MALANG NEWS – Kehadiran Layanan Pinjam Meminjam Uang Berbasis Teknologi Informasi (LPMUBTI), memunculkan persoalan baru, yakni resiko over-indebtedness.

Risiko over-indebtedness, atau hutang berlebihan, dirasakan seorang warga Jalan Raya Oro-oro Ombo, Kecamatan Batu, Kota Batu yang terlilit hutang sampai di 50 aplikasi pinjaman online.

Berikut ini, curahan hati korban aplikasi pinjol, yang akhirnya terlilit hutang, dari awalnya memenuhi kebutuhan sehari-hari.

Berawal dari pinjaman untuk kebutuhan sehari-hari, Tatok (45) (bukan nama sebenarnya), pria yang berprofesi sebagai wiraswasta, terjerumus dalam lingkaran hutang dari 50 aplikasi pinjaman online.

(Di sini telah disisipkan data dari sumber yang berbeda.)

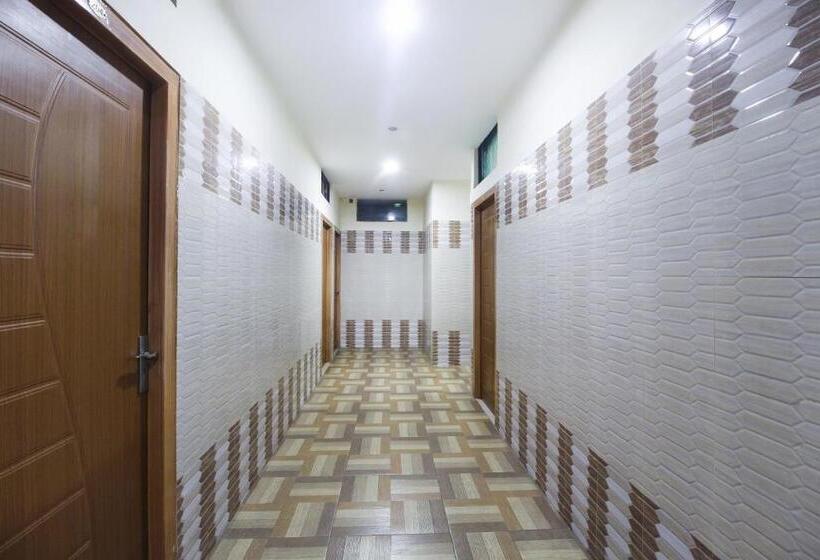 Hotel Oyo 61145 Jks Deluxe Lodge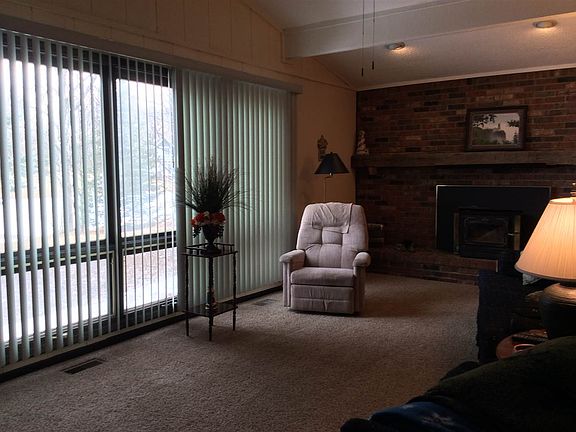 5th image of 950 Lake James Dr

Tak tanggung-tanggung, nilai hutang yang harus ia bayar sampai mencapai puluhan juta rupiah. Padahal, awal utangnya hanya sekitar Rp 1 juta.

Membengkaknya hutangnya tersebut selain karena bunga dan denda, juga dikarenakan nilai pencairan yang jauh lebih sedikit dari pengajuan awal.

“Misalnya, untuk pinjaman Rp 1 juta maka dana yang dicairkan hanya Rp 600.000, sedangkan nilai yang harus dikembalikan bisa mencapai Rp 1 juta dalam kurun waktu 7 hari,” ungkap dia, kepada awak media, pada Selasa (18/5/2021) malam.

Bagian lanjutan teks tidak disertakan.